Could it be they are spending too much money? “The federal deficit climbed higher into record territory in July, hitting $1.27 trillion with two months remaining in the budget year.”
The New York Times is agitated that Karl Rove played a role in removing a U.S. attorney who was not prosecuting corruption and voter fraud cases in New Mexico. An outrage! But wait. It was a bad thing to insist prosecutors do their job? Pretty soon we’ll be demanding that the Justice Department throw the book at voter intimidation.
Mickey Kaus wants the president to just say no to rationing. Perhaps if Obama hadn’t spent trillions already this year, people might not be so cost-conscious. But now cost matters, and in a government-run plan without tort reform, rationing is the only way to control costs. So rationing is not just an uncomfortable subject of discussion; it’s the heart of ObamaCare.
Daniel Henninger observes that “to an independent voter or moderate Democrat, President Everyman is starting to look like a salesman for the superstate. One keeps waiting for the president to give this swath of his non-statist constituency something to hang onto. Instead, they see liberal Democrats pistol-whipping the Blue Dog dissenters with nary a peep of objection from the world’s most reasonable man.”

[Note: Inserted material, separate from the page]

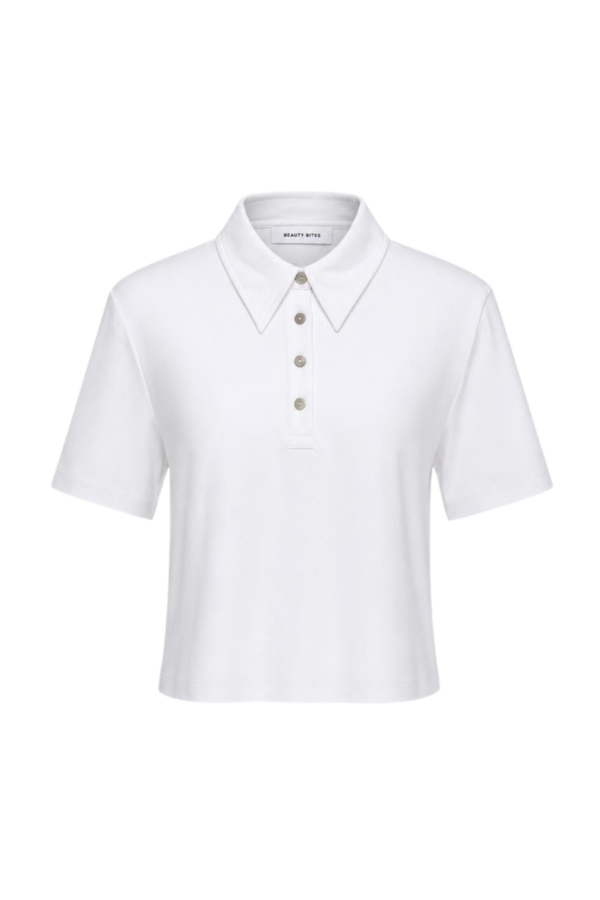 Marie Beyaz Polo Yaka Tshirt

Alice Rivlin doesn’t think we should be popping champagne corks yet: “If you have lost your job, the worst may not be over for a long time. If you have a job, you may still lose it. The main reason for optimism is that the rapid deterioration of the economy has slowed down. Production and sales may even start increasing gradually in the next few months. For many businesses, the worst may be over. But don’t expect a bounce. Scared consumers are hanging on to their cash, bemoaning the lost value of their houses and trying to reduce their debts. They won’t rush back to the mall to buy things they don’t absolutely need. Employers will be cautious about hiring until they are sure the recovery is robust, so unemployment will remain high for several years.” Several years?

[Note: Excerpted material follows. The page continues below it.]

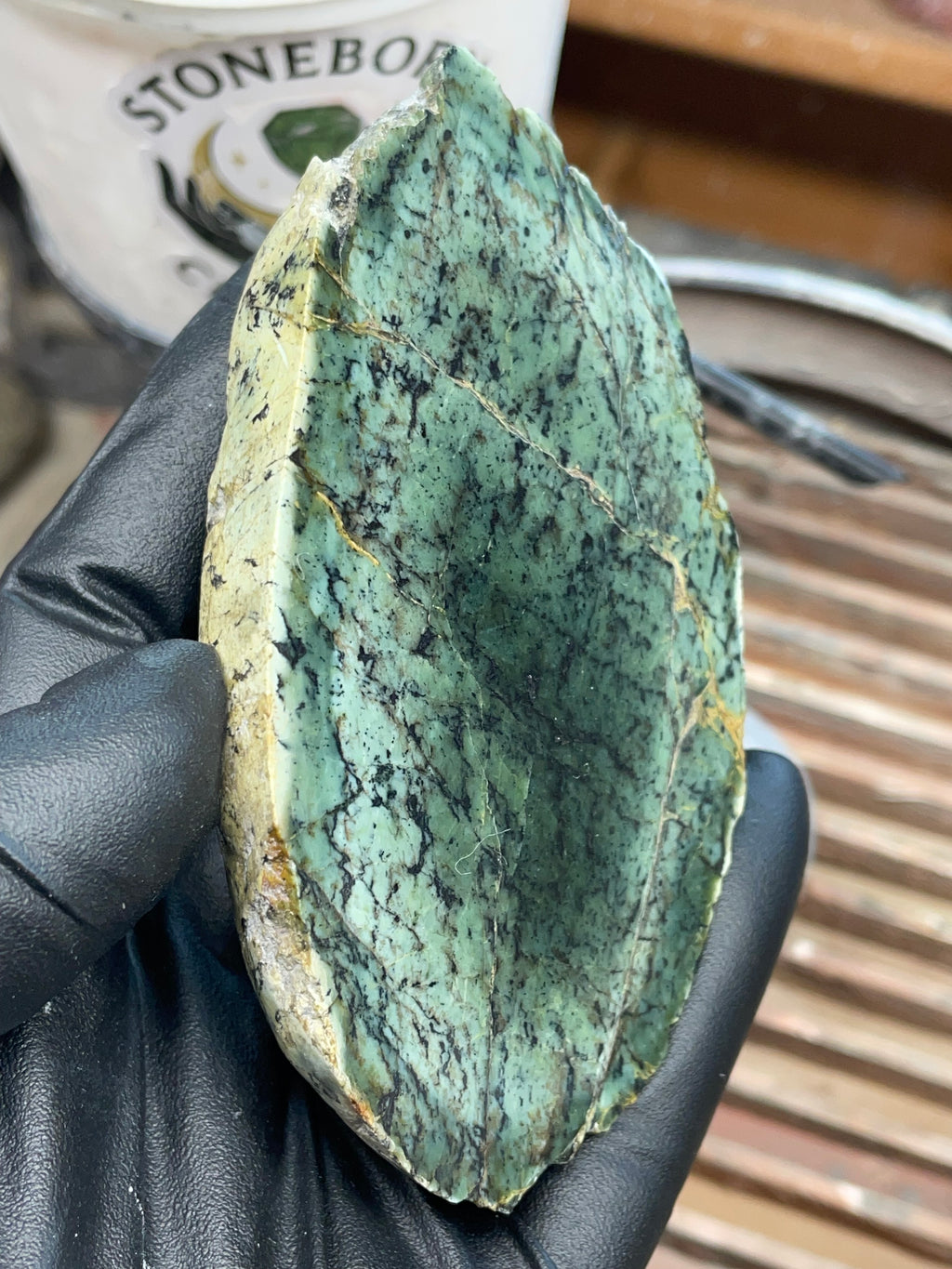 Hand-Collected Mint Green Serpentine Slab | Raw & Refined StoneBorn Specimen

So maybe we should dump cap-and-trade once and for all. “The National Association of Manufacturers (NAM) and the American Council for Capital Formation (ACCF) released a study Wednesday that found under a high-cost scenario the House global warming bill could reduce economic growth by 2.4 percent and cost 2 million jobs by 2030.”
Michael Barone on health care: “When a politician tries to stop debate, it’s a sign he’s losing the argument. Obama seems to have let the House Democrats overplay their hand. He ignored the fact that in our system neither party ever has all the advantages.”